Using Cellulose Insulation, right application?
 
Hi All,
I have an uninsulated area in my house about heated room and beside a knee wall (2nd floor). There is subflooring in this storage area. Would this the correct application for blown in cellulose insulation? The ceiling below has drywall. The storage area is unheated.

Any issues with moisture that I should be concerned about? It is dry otherwise.

Thanks.

Termite 08-25-2008 09:34 PM

Not following you here. Are you insulating a floor/ceiling?

If so, batts would be easier to install. Cellulose is a possibility though.

buletbob 08-25-2008 09:44 PM

Quote:

Originally Posted by thekctermite (Post 151785)
Not following you here. Are you insulating a floor/ceiling?

If so, batts would be easier to install. Cellulose is a possibility though.

I think the op is talking about insulating a storage area above a heated area with knee walls. i filled in some missing words and this is what i came up with,An ATTIC. If so ! I would go along with your suggestion, it would be easier.

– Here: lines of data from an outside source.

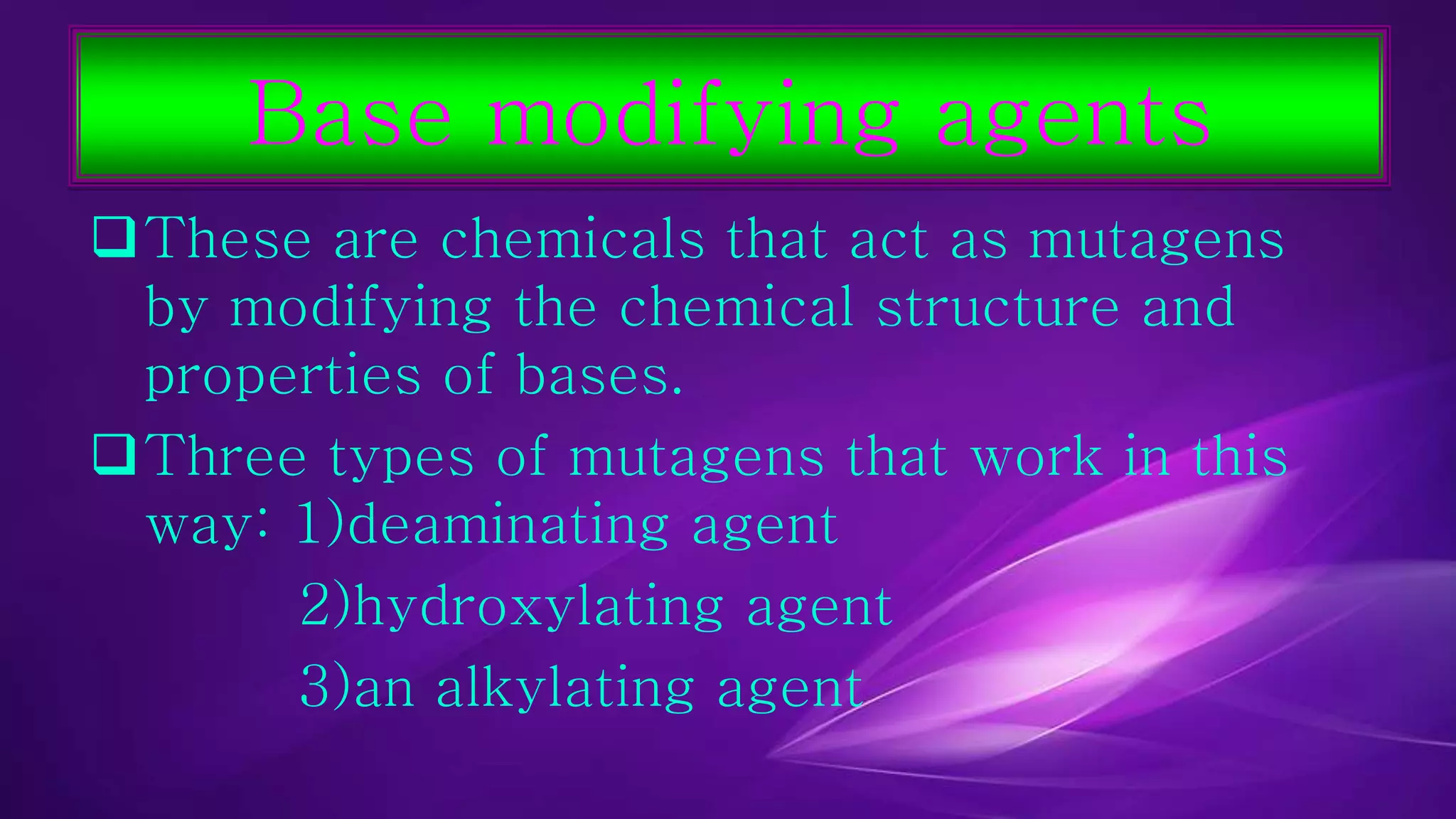 Base modifying agents 
These are chemicals that act as mutagens 
by modifying the chemical structure and 
properties of bases. 
Three types of mutagens that work in this 
way: 1)deaminating agent 
2)hydroxylating agent 
3)an alkylating agent 
 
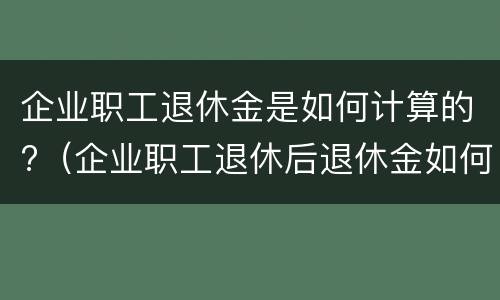 企业职工退休金是如何计算的?（企业职工退休后退休金如何计算）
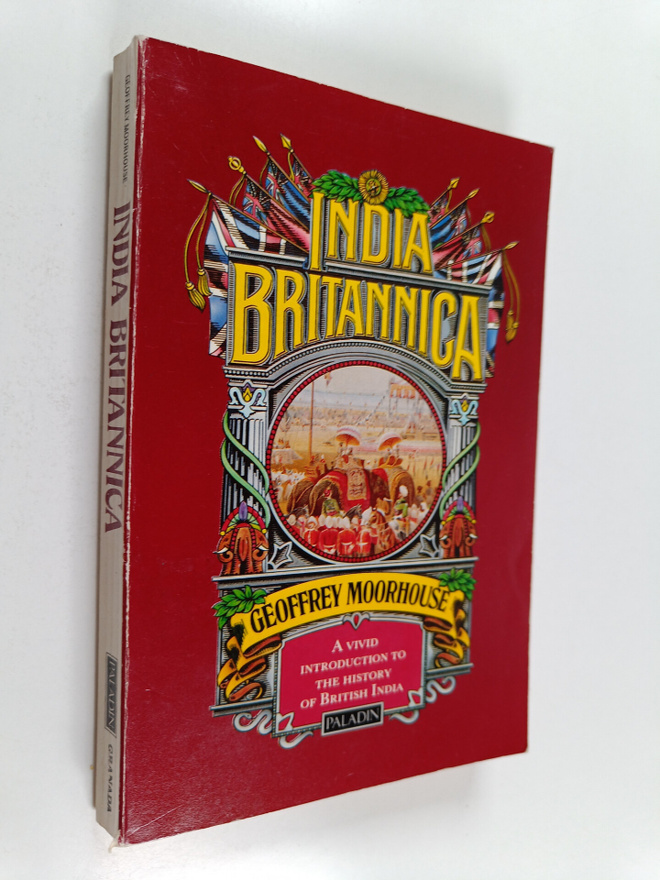 Geoffrey Moorhouse : India Britannica
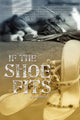 Book cover of: If the Shoe Fits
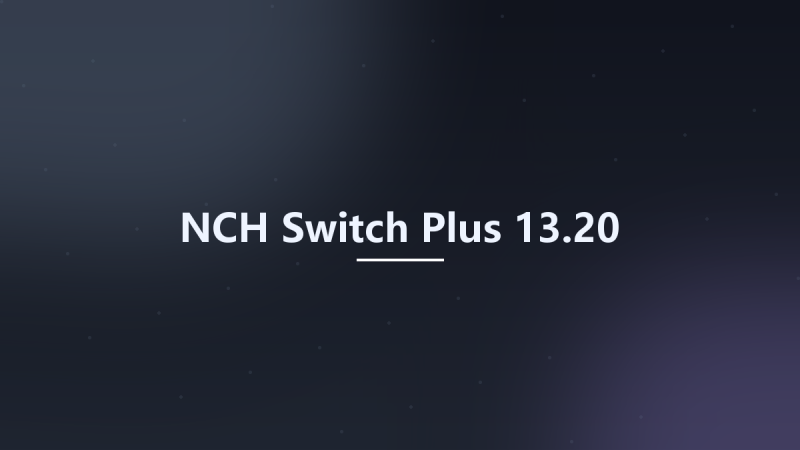 NCH Switch Plus 13.20资源下载地址_百度网盘迅雷BT-360自学网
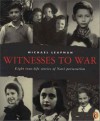 Witnesses to War: Eight True-Life Stories of Nazi Persecution - Michael Leapman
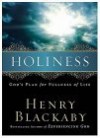 Holiness: God's Plan for Fullness of Life - Henry T. Blackaby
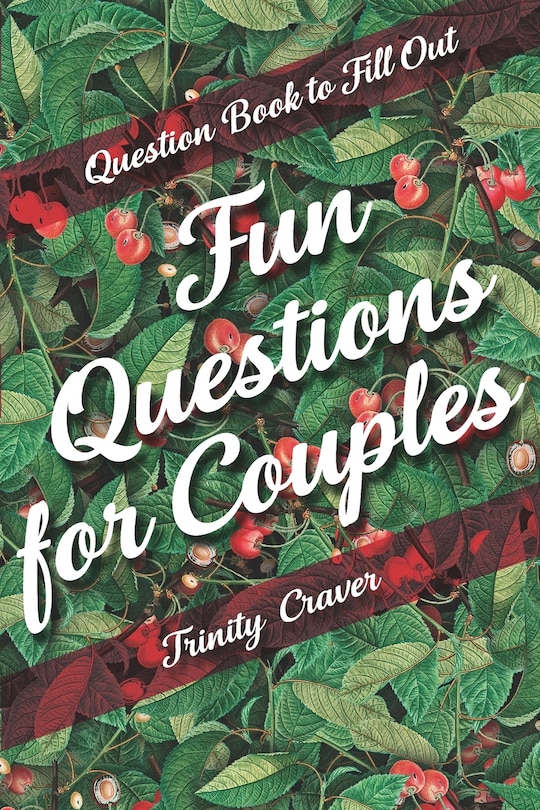 Couverture_Question Book to Fill Out - Fun Questions for Couples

fishmanflats 08-26-2008 08:19 AM

Attic / Storage area
 
Sorry to be confusing and not to the point. Yes, I guess it could be considered an attic area, it resides along side a living area (side attic?) See the attached link for a picture

http://tbn0.google.com/images?q=tbn:...3_kneeWall.gif

There is a door for access to this area and there is flooring. Instead of removing the flooring, I thought it might be easier to blow in cellulose. The flooring is laid diagonally and continues to the living area.

thanks

Termite 08-26-2008 08:41 AM

Thanks for clarifying! Yes, cellulose would work great in the horizontal part, and you can batt the wall if that isn't done. Be sure not to plug up any soffit vents with cellulose.

jaw22 08-26-2008 08:11 PM

I have a couple of storage areas exactly like this that i recently insulated. Here is what you have to do. First make sure you either have open or closed soffits. If they are open you have to keep the channel open up the slope using the styrofoam baffles. Next for a storage area you must insulate AND THEN cover the sloping rafters with an air barrier like half inch foamboard nailed to them with all seams taped or sprayfoamed. You can also do the floor but its not entirely necc but in mine i blew cellulose under the floorboards . The actual kneewall can be left uninsulated for a storage area but the point where it meets the slope must be airsealed. Cut the foamboards so that they extend all the way up the slope to the kneewall and spray foam right along the junction of the kneewall and the slope. The reason you do all this is cause regular batts in the rafters wont stop the cold air from flowing thru it but the foamboard will.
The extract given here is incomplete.